━━━━━ Input ━━━━━

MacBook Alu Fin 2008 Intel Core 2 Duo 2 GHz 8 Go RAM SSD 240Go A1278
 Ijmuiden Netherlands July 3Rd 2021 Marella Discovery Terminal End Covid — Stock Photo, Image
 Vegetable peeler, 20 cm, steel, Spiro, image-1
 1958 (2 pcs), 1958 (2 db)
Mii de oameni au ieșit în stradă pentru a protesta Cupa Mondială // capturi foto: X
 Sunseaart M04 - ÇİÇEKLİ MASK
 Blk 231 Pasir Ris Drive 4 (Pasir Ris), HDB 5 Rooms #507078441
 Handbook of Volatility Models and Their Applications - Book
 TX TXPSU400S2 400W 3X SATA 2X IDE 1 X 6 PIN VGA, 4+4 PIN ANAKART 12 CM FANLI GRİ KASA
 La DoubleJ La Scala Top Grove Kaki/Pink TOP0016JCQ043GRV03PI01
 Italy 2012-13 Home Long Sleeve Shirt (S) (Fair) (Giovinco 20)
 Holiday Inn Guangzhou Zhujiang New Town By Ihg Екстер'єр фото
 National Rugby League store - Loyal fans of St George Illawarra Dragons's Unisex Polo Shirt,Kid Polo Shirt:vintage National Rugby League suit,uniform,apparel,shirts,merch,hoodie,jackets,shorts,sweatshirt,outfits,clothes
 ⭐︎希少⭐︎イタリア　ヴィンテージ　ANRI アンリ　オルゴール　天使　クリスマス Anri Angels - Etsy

━━━━━

* [Exercise]: From the records, copy out each line that includes the string "Shirt".

* [Your solution]:
 Italy 2012-13 Home Long Sleeve Shirt (S) (Fair) (Giovinco 20)
 National Rugby League store - Loyal fans of St George Illawarra Dragons's Unisex Polo Shirt,Kid Polo Shirt:vintage National Rugby League suit,uniform,apparel,shirts,merch,hoodie,jackets,shorts,sweatshirt,outfits,clothes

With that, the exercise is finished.